Brief to the Standing Committee on Veterans Affairs

Apr 28, 2015

OTTAWA, ON, April 28th, 2015 – The Royal Canadian Legion was on Parliament Hill today to speak to members of the Standing Committee on Veterans Affairs about Bill C-597, An Act to Amend the Holidays Act.

Please see below for the Brief to the Standing Committee on Veterans Affairs.


 

Honourable Chairman and members of the Committee; Good morning and thank you for the invitation to The Royal Canadian Legion to appear before the committee to speak on Bill C-597, An Act to Amend the Holidays Act. On behalf of Dominion President Tom Eagles and our 300,000 members, it is our pleasure to be here.
I am Brad White, Dominion Secretary of The Royal Canadian Legion. For the last 17 years, I have been involved in every major commemorative activity that the Legion has participated in as well as being the former Director of Canada’s National Remembrance Day ceremony. Accompanying me today is Mr. William Maxwell, Senior Program Officer and Committee Secretary for the Dominion Command Poppy and Remembrance Committee.
It is the Legion’s position that November 11th not be a legal or statutory holiday, therefore, I will be speaking against the proposed amendment to Bill C-597.
As background information, such positions and other matters of Legion policy result from resolutions passed at a Dominion Convention following consultation and debate at all three levels of the organization.
This procedure for enacting change in the Legion starts at the branch level, where any member can propose a change in policy or administrative procedure that could affect the entire organization.

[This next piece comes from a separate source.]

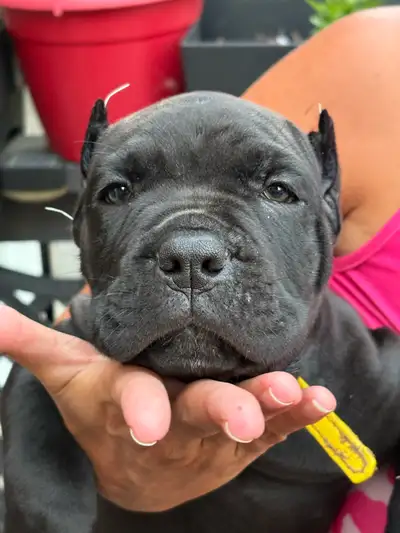 5 big beautiful males, Purebred Cane Corso, View more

Following review and discussion by all members within the branch, the resolution passes to the Provincial Command level. It is at the Provincial Command Convention that delegates from within that provincial jurisdiction further consider and discuss the proposed resolution. If the delegates concur, the resolution is submitted for consideration at the Dominion Convention, the third and final level of consultation and debate. If passed by the Dominion Convention, which is attended by delegates from all branches and Provincial Commands in the organization, the resolution becomes an adopted policy or approved procedure. As you see, such matters receive thorough consideration and undergo debate throughout all levels of the organization.
The holiday status of Remembrance Day has been debated at numerous Dominion Conventions throughout the Legion’s history, in fact, 13 times since 1970 and most recently at our 2012 Dominion Convention. It was at this 2012 Convention that the Legion’s position against Remembrance Day being a statutory holiday was re-affirmed.
We remain concerned that Canadians, if given the time off as a legal holiday, may not take the time to remember; that it may simply become a mid-week break or just part of another long weekend. The latter situation relates specifically to discussion at the 1978 Dominion Convention which focused on how government departments of the day treated November 11th as a floating holiday for the purpose of giving their employees a long weekend. This must not be allowed to happen again.
We have heard an interpretation of what is a legal holiday, that making Remembrance Day a legal holiday would not designate it as a statutory holiday. The semantics of such interpretations are subjective; one only need look at the news media reporting on the progress of the bill to see how it is a commonplace position that statutory holiday status is exactly what the bill would achieve.
This perception is further validated by association, as the bill would serve to designate Remembrance Day the same as Canada Day and Victoria Day, both of which are a legal holiday in the Holidays Act with each also being a statutory holiday. If it is not the intent of the bill to make Remembrance Day a statutory holiday, if designating it a legal holiday only would not change its current status according to the interpretation provided by the Library of Parliament and reported to the Standing Committee on Canadian Heritage, then why propose the bill?
Perhaps what is needed is to raise the awareness and understanding of Remembrance Day, which could be achieved through an education strategy. It is paramount that the significance of Remembrance Day is instilled in our youth and to the general population to show their respect for the sacrifices of our Fallen. To honour this day, many schools hold assemblies where they organize their own commemoration; some teachers take their students to collectively participate with their peers in ceremonies at local cenotaphs, thereby strengthening the impact of the significance of November 11th. The Legion works very closely with schools throughout the country to provide an educational component about Remembrance Day. In addition to welcoming classes at ceremonies, the Legion’s Teaching Guide is another excellent educational tool, which has been viewed or downloaded from our website more than one million times.
In a letter last fall to Mr. Dan Harris, the Ontario Federation of Home and School Associations expressed strong support for the Legion’s position on Remembrance Day. The association noted, “In the 1960’s, Ontarians did observe Remembrance Day as a school holiday. Children remained at home to play, watch television and enjoy a day of rest. Few were involved in events recognizing the significance of the day. At that time, veterans’ groups, school boards and other organizations such as the OFHSA petitioned to have schools remain open on Remembrance Day… so that suitable Remembrance Day services can be held in schools to provide students with a better understanding of the purpose and tribute paid.”
So, too, are we encouraged to hear of organized commemorations in workplaces on November 11th. We need to make honouring and remembering an important part of our regular routine on November 11th and not simply provide a day off from school or work. Take Victoria Day, for example, a legal holiday, and question what observances are held across the country to honour Canada’s longest serving monarch. For most, it just provides for a long weekend in May. We must not let Remembrance Day suffer this same fate.
We thank you, again, for this opportunity to the Legion to express our views on Bill C‑597.